Friday, February 22, 2008

Acrobat ate my disk servers!

Glasgow is finally out of downtime. GS worked his grid-fu and managed to upgrade lots to SL4 - Admittedly some things (RGMA) weren't a goer. APEL Accounting could be broken for a while as we've now split the CE (new home = svr021) and the Torque server (still on svr016). My 'simple' job was to take care of the DPM servers...

Simple enough, we hacked into the YAIM site-info.def stuff and separated things out into services/ and vo.d/ - easy. Few gotchas as cfengine was once again reluctant to create the symlinks on the target nodes (however creating the symlinks on the master and replicating those works fine) which we thought might be fixed by an upgrade of cfengine from 2.1.22 to 2.2.3. Big mistake. it broke HostRange function of cfengine.

so we have
 dpmdisk = ( HostRange(disk,032-036) HostRange(disk,038-041) ) 

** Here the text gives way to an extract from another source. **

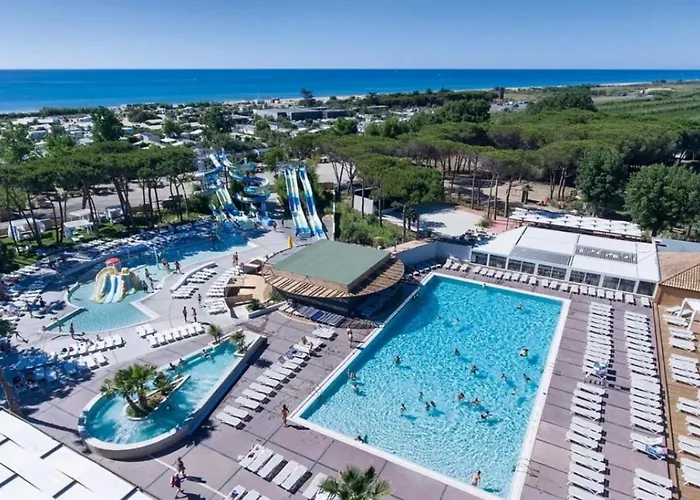 Mobil-Home OuiReves 74 face à la Méditerranée Sète avec Piscine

but cfengine complained that

SRDEBUG FuzzyHostParse(disk,032-041) succeeded for disk033.gla.scotgrid.ac.uk
SRDEBUG FuzzyHostMatch: split refhost=disk033.gla.scotgrid.ac.uk into refbase=disk033.gla.scotgrid.ac.uk and cmp=-1
SRDEBUG FuzzyHostMatch(disk,032-041,disk033.gla.scotgrid.ac.uk) failed


now I'm not sure if this is due to the problem of short hostname vs FQDN - I've hit a similar issue when I want to copy iptables configs off -
$(skel)/nat/etc/iptables.$(host) mode=0600 dest=/etc/iptables define=newiptables type=sum 
needs iptables.host.gla.scotgrid.ac.uk not just iptables.host on the master repo.

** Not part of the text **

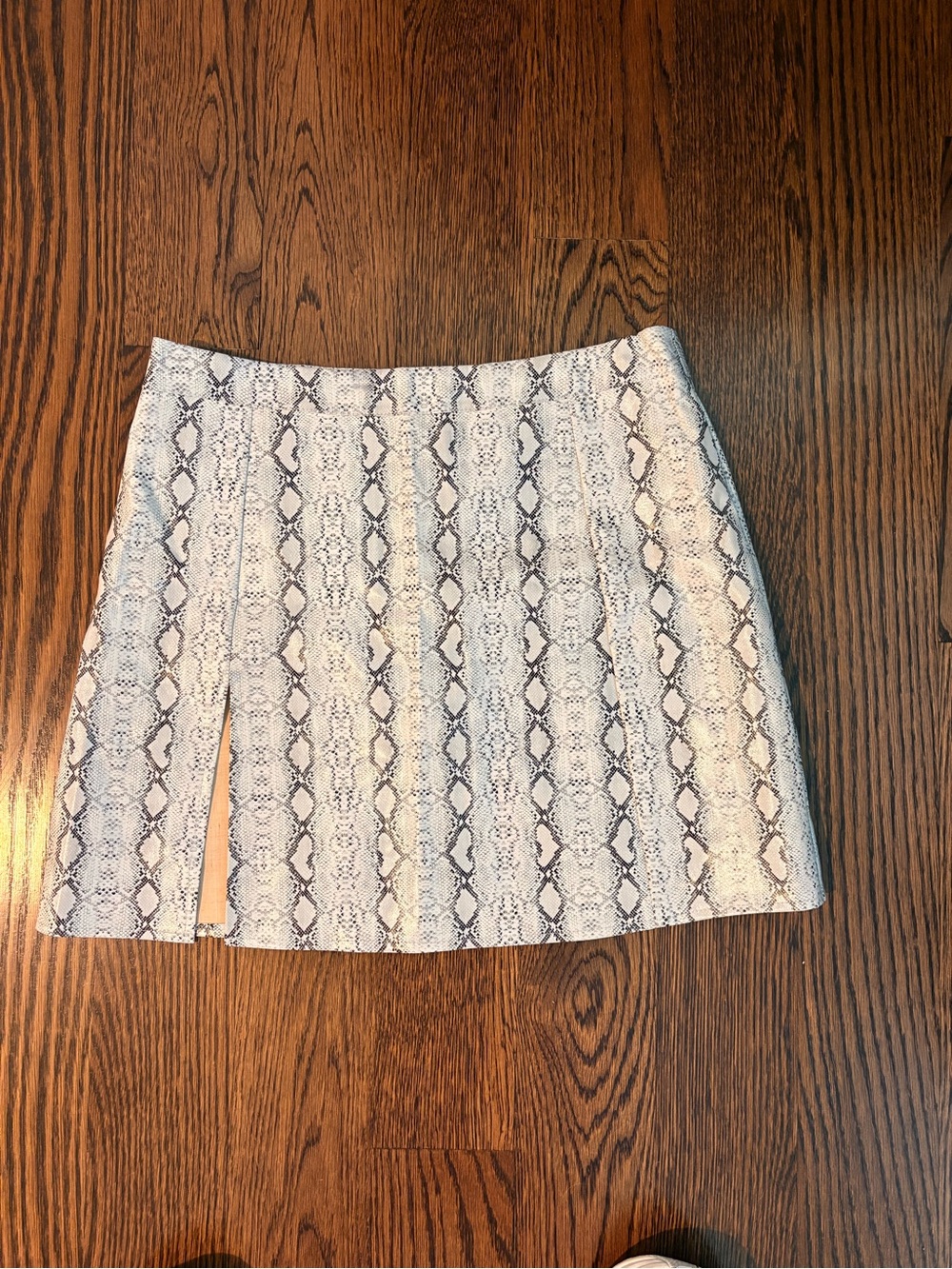 Princess Polly White and Gray Snake-Print Mini Skirt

Anyway, this all seems trivial compared to the hassle with the latest SLC 4X that got mirrored up to the servers overnight (the disk servers run SLC4 rather than SL4 as the Areca raid card drivers are compiled in) - dpm-queryconf kept failing with
send2nsd: NS002 - send error : No valid credential found
and yet the certificates were there and valid - openssl verify ... returned OK, ddates were valid, NTP installed etc. The dpm log showed
dpm_serv: Could not establish security context: _Csec_recv_token: Connection dropped by remote end ! 


The really frustrating thing was that the server that I installed from home while munching breakfast (all hail laptops and broadband) worked fine, but those I installed (and reinstalled) later in the office were broken. [hmm. is this a sign that I should stay at home in the mornings and have a leisurely breakfast?]

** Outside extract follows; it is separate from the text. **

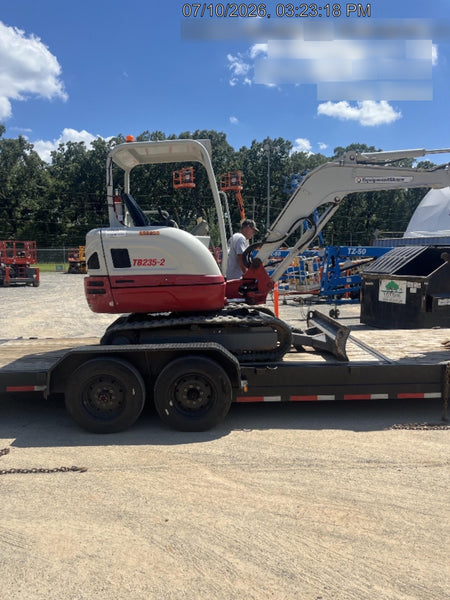 2022 TAKEUCHI TB235-2R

Puzzling was the fact that the broken servers had more rpms installed than the working ones. - I eventually resorted to installing strace on both boxes and diffing the output of 'strace dpm-qryconf'

the failing one had a big chunk of

open("/lib/tls/i686/sse2/libstdc++.so.6", O_RDONLY) = -1 ENOENT (No such file or directory)
stat64("/lib/tls/i686/sse2", 0xffff9028) = -1 ENOENT (No such file or directory)
open("/lib/tls/i686/libstdc++.so.6", O_RDONLY) = -1 ENOENT (No such file or directory)
stat64("/lib/tls/i686", {st_mode=S_IFDIR|0755, st_size=4096, ...}) = 0
open("/lib/tls/sse2/libstdc++.so.6", O_RDONLY) = -1 ENOENT (No such file or directory)
stat64("/lib/tls/sse2", 0xffff9028) = -1 ENOENT (No such file or directory)
open("/lib/tls/libstdc++.so.6", O_RDONLY) = -1 ENOENT (No such file or directory)
stat64("/lib/tls", {st_mode=S_IFDIR|0755, st_size=4096, ...}) = 0
open("/lib/i686/sse2/libstdc++.so.6", O_RDONLY) = -1 ENOENT (No such file or directory)
stat64("/lib/i686/sse2", 0xffff9028) = -1 ENOENT (No such file or directory)
open("/lib/i686/libstdc++.so.6", O_RDONLY) = -1 ENOENT (No such file or directory)
stat64("/lib/i686", {st_mode=S_IFDIR|0755, st_size=4096, ...}) = 0
open("/lib/sse2/libstdc++.so.6", O_RDONLY) = -1 ENOENT (No such file or directory)
stat64("/lib/sse2", 0xffff9028) = -1 ENOENT (No such file or directory)
open("/lib/libstdc++.so.6", O_RDONLY) = -1 ENOENT (No such file or directory)
stat64("/lib", {st_mode=S_IFDIR|0755, st_size=4096, ...}) = 0
open("/usr/lib/tls/i686/sse2/libstdc++.so.6", O_RDONLY) = -1 ENOENT (No such file or directory)
stat64("/usr/lib/tls/i686/sse2", 0xffff9028) = -1 ENOENT (No such file or directory)
open("/usr/lib/tls/i686/libstdc++.so.6", O_RDONLY) = -1 ENOENT (No such file or directory)
stat64("/usr/lib/tls/i686", 0xffff9028) = -1 ENOENT (No such file or directory)
open("/usr/lib/tls/sse2/libstdc++.so.6", O_RDONLY) = -1 ENOENT (No such file or directory)
stat64("/usr/lib/tls/sse2", 0xffff9028) = -1 ENOENT (No such file or directory)
open("/usr/lib/tls/libstdc++.so.6", O_RDONLY) = -1 ENOENT (No such file or directory)
stat64("/usr/lib/tls", 0xffff9028) = -1 ENOENT (No such file or directory)
open("/usr/lib/i686/sse2/libstdc++.so.6", O_RDONLY) = -1 ENOENT (No such file or directory)
stat64("/usr/lib/i686/sse2", 0xffff9028) = -1 ENOENT (No such file or directory)
open("/usr/lib/i686/libstdc++.so.6", O_RDONLY) = -1 ENOENT (No such file or directory)
stat64("/usr/lib/i686", 0xffff9028) = -1 ENOENT (No such file or directory)
open("/usr/lib/sse2/libstdc++.so.6", O_RDONLY) = -1 ENOENT (No such file or directory)
stat64("/usr/lib/sse2", 0xffff9028) = -1 ENOENT (No such file or directory)
open("/usr/lib/libstdc++.so.6", O_RDONLY) = -1 ENOENT (No such file or directory)
stat64("/usr/lib", {st_mode=S_IFDIR|0755, st_size=4096, ...}) = 0

whereas the working one didn't call this at all.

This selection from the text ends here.